Il y a exactement 18 ans, en 1992, Madonna a sorti Sex, un livre avec couverture en aluminium embouti, la montrant à poil et dans toutes les positions possibles en train de forniquer avec tous les spécimens de l'humanité. À mi-chemin entre le livre de table à café et le livre comptoir de cocaïne, l'ouvrage a fait scandale, surtout chez ceux qui n'avaient pas les moyens de cracher les 59,95$ qu'il en coûtait pour avoir le privilège de regarder la fille la plus connue de la planète dans le plus simple appareil.

À l'époque, j'avais défendu ce livre en y voyant un pied de nez au bon goût et une grosse et réjouissante grimace à la vertu et à la respectabilité. J'étais loin de me douter que la madone avait accouché d'un monstre et lancé une tendance lourde: le mariage toxique de l'exhibitionnisme, de la nudité et du vedettariat.

Depuis, il n'y a pas une couverture de Vanity Fair ou de Paris Match où une vedette, une starlette ou une simple gagnante de Loft Story, n'a pas laissé tomber sa petite culotte et tout le reste pour assurer sa publicité et faire monter sa valeur marchande à la bourse de la notoriété.

La dernière en date est notre Anne-Marie Losique nationale, ou peut-être devrais-je dire notre Anne-Marie locale, qui lancera lundi, avec 18 ans de retard sur Madonna, Confessions sauvages, un livre de soft porn mettant en vedette ses fesses et ses seins «lâchés lousses» sur la route de ses fantasmes.

Contrairement à Madonna, qui n'était pas sectaire et qui baisait avec tout le monde -Blacks, Blancs, lesbiennes sur l'acide, homos sur l'azote, mannequins en goguette et vieux satyres dépressifs- Losique ne joue à touche-pipi qu'avec ses demoiselles.
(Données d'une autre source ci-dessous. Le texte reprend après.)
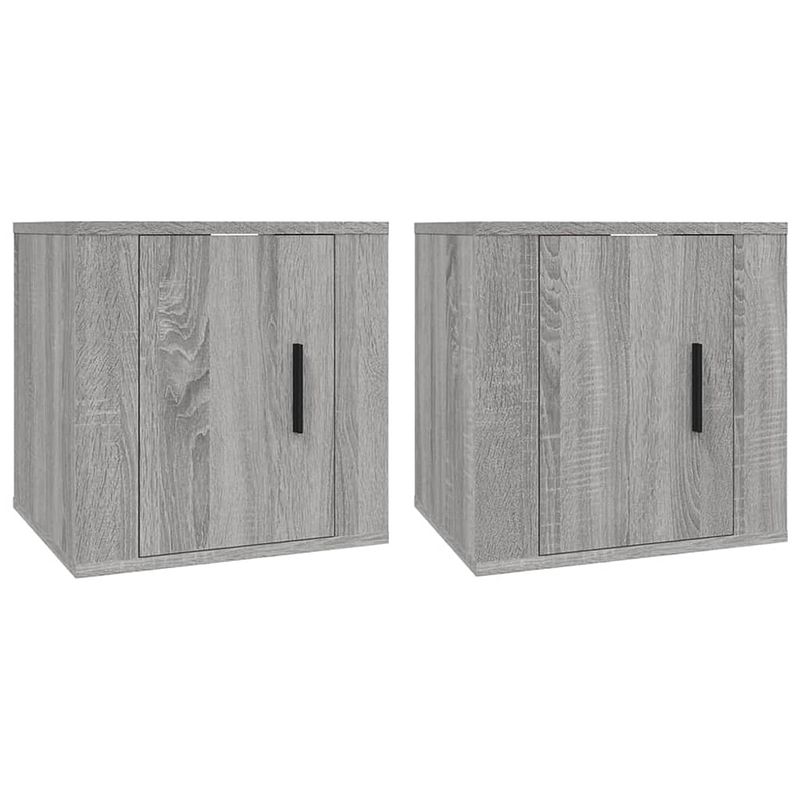 Foto van The living store tv-wandmeubel - van 2 - grijs sonoma eiken - 40x34.5x40 cm - bewerkt hout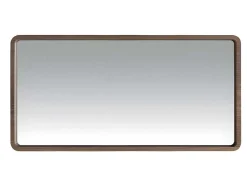 Espelho De Parede Rectangular Com Moldura De Madeira Folheada A Nogueira. 3035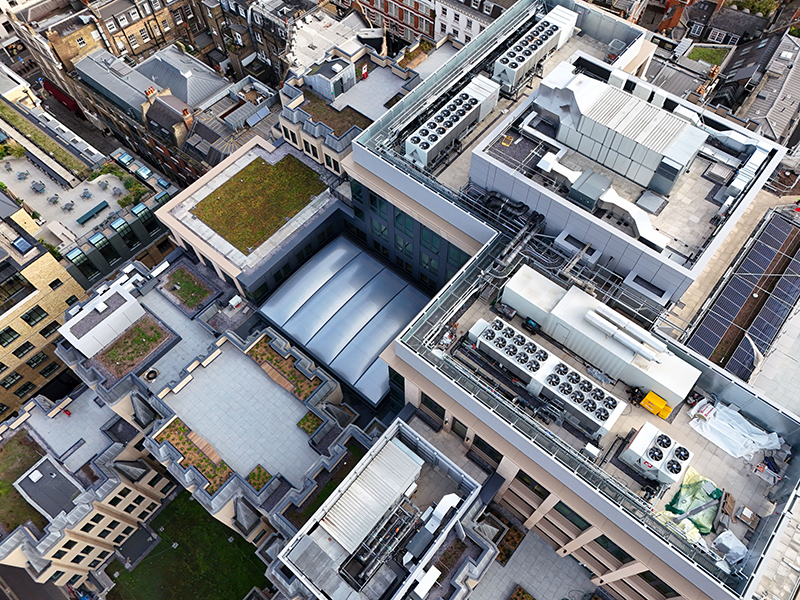 Blue roofs on city buildings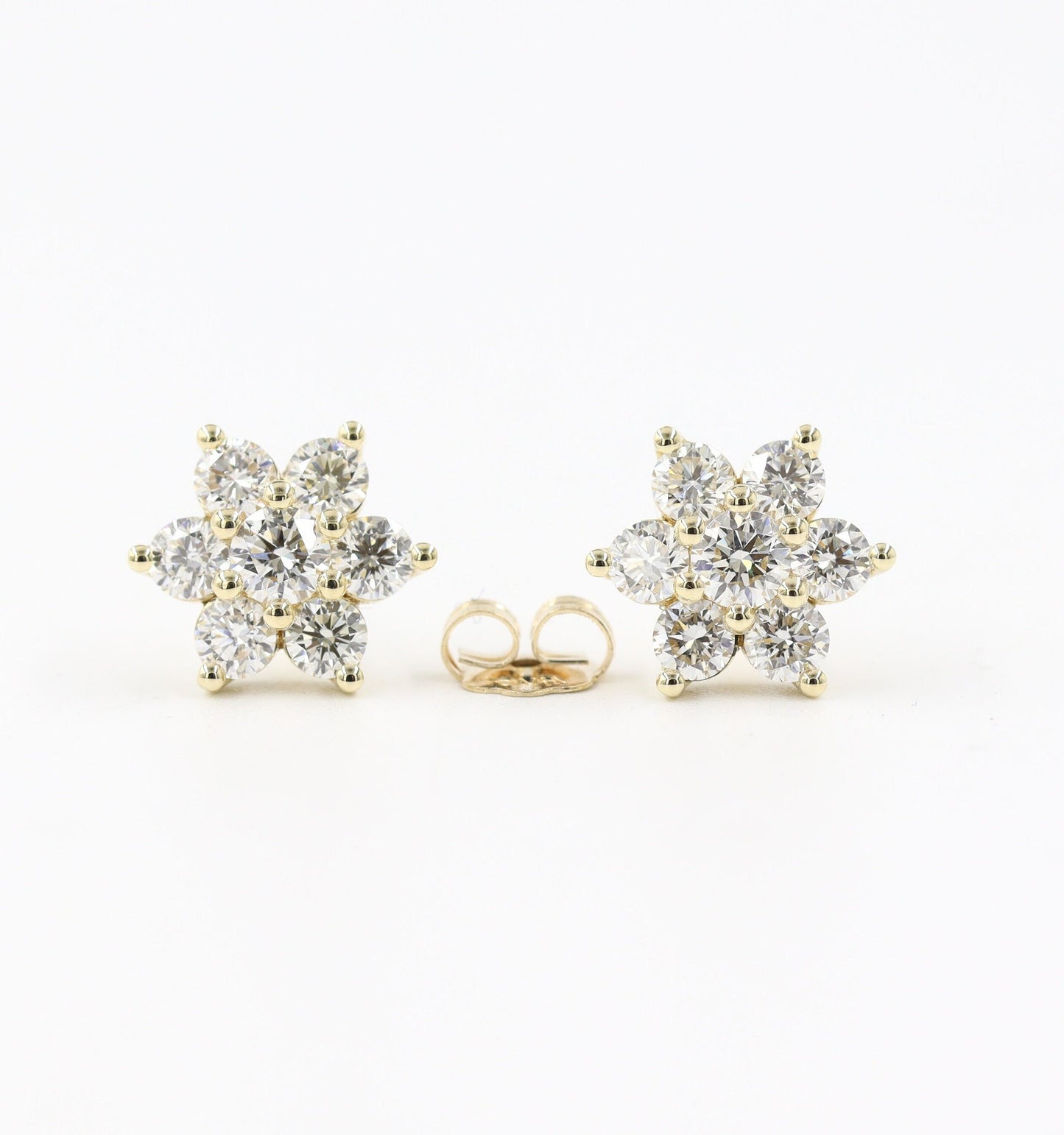 1ct Round Natural Diamond Flower Stud Earring / 14K,18K gold Flower Stud Earring / Diamond Snowflake Stud Earring / Anniversary gift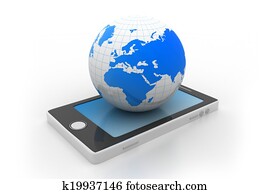 Smart phone and world globe Smart phone and world globe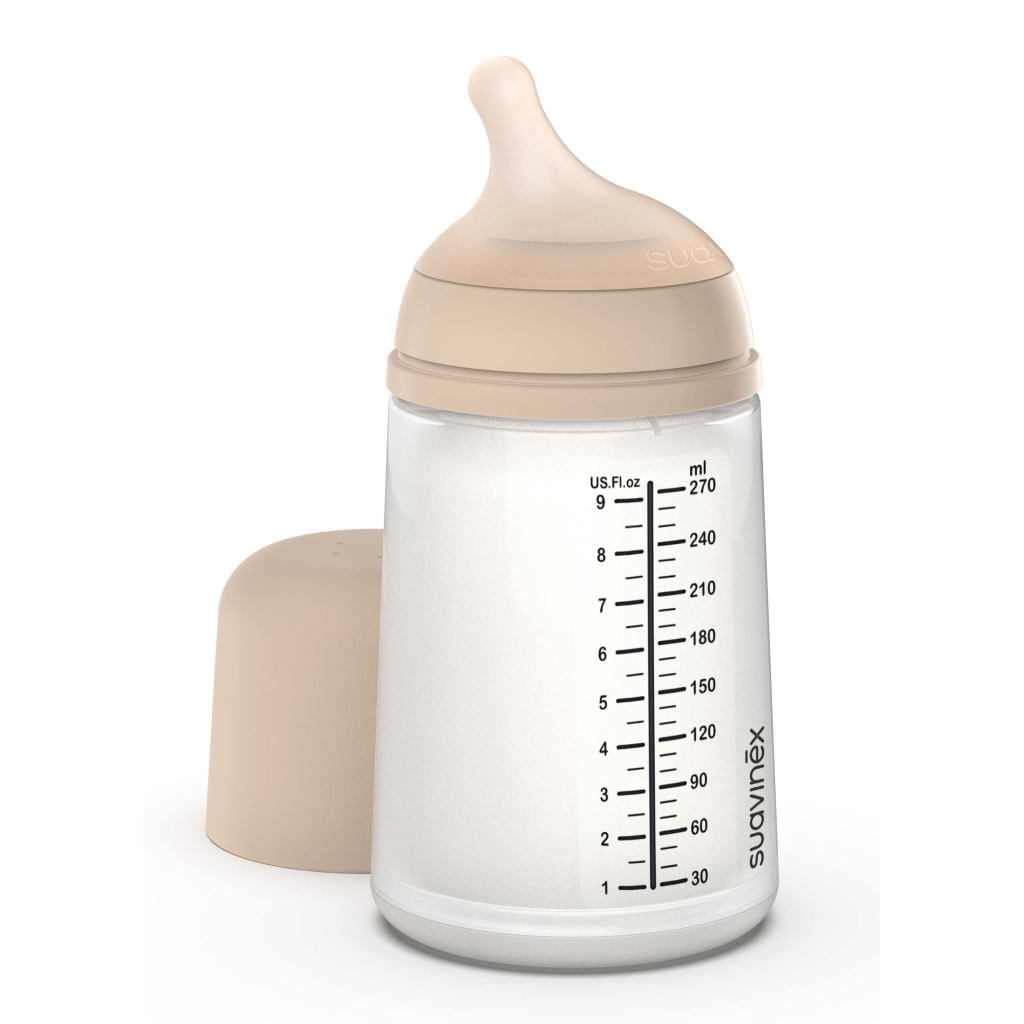 Пляшечка для годування Suavinex Zero. Zero Beige 270 мл, середній потік (308419) - зображення 1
Je soupçonne d'ailleurs que c'est moins par fantasme lesbien que par calcul clientéliste, afin de faire un maximum de ventes auprès des mononcles libidineux mangeurs de roteux pour qui le summum de l'érotisme, c'est deux filles qui se lèchent les babines et le reste.

Détail à noter: les filles recrutées pour ces Confessions sauvages ont la moitié de l'âge de Losique, mais n'hésitent pas à faire le grand écart et à exposer leurs bijoux de famille tandis que Losique, elle, se garde toujours une petite gêne, comme si elle voulait bien jouer, mais sans aller jusqu'au bout. Toutes les photos où elle apparaît sont lourdement retouchées pour qu'elle brille de tous ses faux feux. Exhibitionniste oui, mais sans abandon, comme une agace de bonne famille qui fait semblant de s'encanailler en protégeant ses arrières et en comptant son cash.

Dans une photo copiée de Sex, Losique fait du pouce sur une route. La différence entre Madonna et Losique? Madonna fait du pouce en pleine circulation urbaine, complètement nue sauf pour ses mules. Losique, elle, s'est planquée sur une route de campagne déserte où elle porte culotte, corset et masking tape sur les seins. Bonjour la témérité!

Le livre de Madonna n'était pas parfait, tant s'en faut. Mais on décelait chez la vedette une réelle volonté, à la fois narcissique et sincère, de se mettre à nu et en état de danger. Autant du côté du graphisme que de la mise en scène des photos noir et blanc, l'exercice était mu par une démarche artistique réelle et par la recherche d'un langage esthétique nouveau.

L'esthétisme des Confessions sauvages de Losique est un esthétisme de pacotille, tendance «trashy soviétique», peuplé de filles qui prennent des poses faussement outrageuses comme on en a vu un million de fois dans les revues de soft porn. Le seul intérêt d'un tel produit est la notoriété de la vedette locale qui s'y expose.

Si Anne-Marie Losique est de bonne foi comme elle le prétend, je l'invite à offrir la moitié du tirage de Confessions sauvages aux cliniques de fertilité québécoises afin qu'une nouvelle génération de futurs pères puissent fantasmer sur une vedette locale plutôt qu'une vedette importée. Au moins, Losique ferait oeuvre utile.